Sería bueno para algunos recordar (o tal vez simplemente escuchar por vez primera) las preguntas básicas que, a partir de Rawls, definen el problema central de la democracia liberal: ¿Cómo es posible que diferentes personas, que poseen a su vez diferentes concepciones de la vida, puedan no sólo vivir juntas sino además participar en la vida política? ¿Cuáles son las características de un sistema político capaz de incluir tal variedad, siendo a la vez estable y justo? Tal vez las respuestas a esas preguntas aparezcan en el modelo constitucional español mejor que en ningún otro: la democracia existe en la medida en que su estructura no se basa en la imposición desde arriba de una doctrina o una visión del mundo, sea ésta producto de la razón, la historia o el dogma. Por el contrario, la democracia nace del consenso en un determinado concepto político de justicia, a partir del cual los ciudadanos —de manera individual o grupal— son libres de construir la vida a su manera o, lo que es igual, su propio mundo. La esfera de lo público se limita entonces a aquellas instancias que, siendo básicas para hacer viable el modelo, aseguran su estabilidad y su permanencia, así como el respeto de las diferencias. El problema de la "Nación única e indisoluble" no es tal a partir de este razonamiento, pues ésta deja de ser definible exclusivamente a nivel político —como pudiera inferirse de una miope interpretación del artículo 2— para convertirse en un concepto complejo, incluyente, y sobre todo abarcador a varios niveles. Es por eso que es posible ser español y catalán al mismo tiempo, al igual que gallego, canario, vasco o andaluz (o incluso catalán y chileno y mexicano, como Roberto Bolaño en las calles de Blanes o en las gradas del Camp Nou).

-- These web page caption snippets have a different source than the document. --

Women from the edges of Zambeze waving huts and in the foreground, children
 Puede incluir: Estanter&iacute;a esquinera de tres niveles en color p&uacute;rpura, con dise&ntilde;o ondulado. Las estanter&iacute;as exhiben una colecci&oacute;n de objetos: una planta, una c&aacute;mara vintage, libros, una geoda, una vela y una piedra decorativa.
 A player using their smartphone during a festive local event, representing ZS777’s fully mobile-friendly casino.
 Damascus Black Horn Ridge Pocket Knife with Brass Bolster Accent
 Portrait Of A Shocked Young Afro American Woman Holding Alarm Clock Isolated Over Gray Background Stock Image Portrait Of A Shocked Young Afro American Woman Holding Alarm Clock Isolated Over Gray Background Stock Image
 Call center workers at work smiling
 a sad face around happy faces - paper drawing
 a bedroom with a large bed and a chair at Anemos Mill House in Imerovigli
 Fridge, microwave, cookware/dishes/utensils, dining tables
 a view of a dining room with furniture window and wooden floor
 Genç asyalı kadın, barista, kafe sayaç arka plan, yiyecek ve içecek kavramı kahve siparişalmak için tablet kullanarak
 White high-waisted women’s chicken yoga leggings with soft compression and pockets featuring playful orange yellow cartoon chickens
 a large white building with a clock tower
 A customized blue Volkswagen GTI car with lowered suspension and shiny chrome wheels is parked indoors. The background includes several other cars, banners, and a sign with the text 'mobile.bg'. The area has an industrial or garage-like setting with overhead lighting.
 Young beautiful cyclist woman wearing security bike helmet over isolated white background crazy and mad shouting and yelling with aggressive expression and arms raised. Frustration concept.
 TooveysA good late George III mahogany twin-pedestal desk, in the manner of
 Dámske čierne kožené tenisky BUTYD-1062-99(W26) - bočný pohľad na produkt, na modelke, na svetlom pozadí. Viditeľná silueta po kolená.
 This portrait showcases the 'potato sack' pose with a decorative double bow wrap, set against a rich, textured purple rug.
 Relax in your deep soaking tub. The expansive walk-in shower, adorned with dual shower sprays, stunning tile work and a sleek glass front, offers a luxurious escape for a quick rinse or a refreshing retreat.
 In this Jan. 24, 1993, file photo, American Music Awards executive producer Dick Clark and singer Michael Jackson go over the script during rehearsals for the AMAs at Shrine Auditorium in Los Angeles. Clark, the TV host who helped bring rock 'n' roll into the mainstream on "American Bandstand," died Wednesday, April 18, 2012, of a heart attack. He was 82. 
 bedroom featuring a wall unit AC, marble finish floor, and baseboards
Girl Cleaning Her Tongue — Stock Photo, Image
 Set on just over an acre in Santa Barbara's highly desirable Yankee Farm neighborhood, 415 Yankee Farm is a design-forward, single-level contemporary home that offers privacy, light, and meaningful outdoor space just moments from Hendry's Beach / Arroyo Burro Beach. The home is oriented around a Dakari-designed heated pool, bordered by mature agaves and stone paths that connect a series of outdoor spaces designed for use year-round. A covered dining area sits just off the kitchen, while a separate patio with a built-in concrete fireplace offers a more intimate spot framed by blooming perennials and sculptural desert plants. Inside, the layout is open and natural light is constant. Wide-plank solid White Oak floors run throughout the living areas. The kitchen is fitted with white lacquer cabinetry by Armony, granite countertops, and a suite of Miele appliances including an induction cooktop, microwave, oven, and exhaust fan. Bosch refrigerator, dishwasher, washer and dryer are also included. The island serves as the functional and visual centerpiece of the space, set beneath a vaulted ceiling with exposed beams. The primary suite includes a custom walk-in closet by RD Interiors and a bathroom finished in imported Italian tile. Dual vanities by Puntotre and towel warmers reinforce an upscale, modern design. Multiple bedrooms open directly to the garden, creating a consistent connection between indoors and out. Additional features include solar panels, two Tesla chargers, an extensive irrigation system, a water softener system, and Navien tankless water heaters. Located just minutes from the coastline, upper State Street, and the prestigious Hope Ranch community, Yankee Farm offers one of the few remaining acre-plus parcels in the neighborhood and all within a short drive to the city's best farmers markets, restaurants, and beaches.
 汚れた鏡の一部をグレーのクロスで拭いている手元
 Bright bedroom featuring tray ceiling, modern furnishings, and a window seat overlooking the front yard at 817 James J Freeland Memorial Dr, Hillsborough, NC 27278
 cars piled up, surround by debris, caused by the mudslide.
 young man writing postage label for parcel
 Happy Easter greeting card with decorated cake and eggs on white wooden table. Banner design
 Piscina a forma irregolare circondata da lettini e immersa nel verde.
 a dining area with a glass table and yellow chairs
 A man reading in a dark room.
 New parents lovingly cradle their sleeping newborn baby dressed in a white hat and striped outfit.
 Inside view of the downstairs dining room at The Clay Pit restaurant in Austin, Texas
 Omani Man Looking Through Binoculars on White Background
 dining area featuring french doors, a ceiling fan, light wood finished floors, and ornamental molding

Los totalitarismos aborrecen la pluralidad porque, por definición, experimentan un profundo temor hacia la riqueza de matices que contiene la realidad. Es por eso que invariablemente se proponen taparla, modificarla, hacerla a su medida; eso sí, poniendo como pretexto la utopía o los supuestos valores superiores. Y en ese esfuerzo las instituciones de la ley se convierten en factores de opresión y de exclusión de lo que sea diferente. No tengo a la mano una estadística que me apoye, pero creo que a nadie sorprendería que la mayoría de los que hace pocos días rechazaban la legalización del matrimonio homosexual en España sean los mismos que hoy se oponen a la reforma del estatuto catalán. Evangelizadores de la bravuconería, intransigentes en función de sueños obtusos, enemigos de lo espontáneo: si España volviese a ser regida por ellos nuevamente se encarcelaría a las parejas de hecho para luego enterrar sus restos fuera de los cementerios públicos.
Algo nos consuela y nos da seguridad: la evolución espontánea de las sociedades y de los seres humanos, en sus múltiples caminos y en sus infinitas variables, termina tarde o temprano imponiéndose. Lo lamentable es que en ese camino se pierdan energías, talentos y hasta generaciones enteras. Cuando en alguno de sus escritos, Ortega y Gasset expresaba que al tolerar las minorías la democracia liberal incubaba el germen de su propia destrucción, pensaba en una sociedad ahogada por la irrupción de las masas que imponen su forma de vida y su estética particular. Sin embargo, es la democracia y no otro sistema la que finalmente permite que la convivencia de los diversos factores —aún de aquéllos que se consideran diferentes o pueden ser calificados de minorías—, sea una opción viable y armónica. Las cartas están sobre la mesa. El reto de una España fuerte y plural continúa en marcha.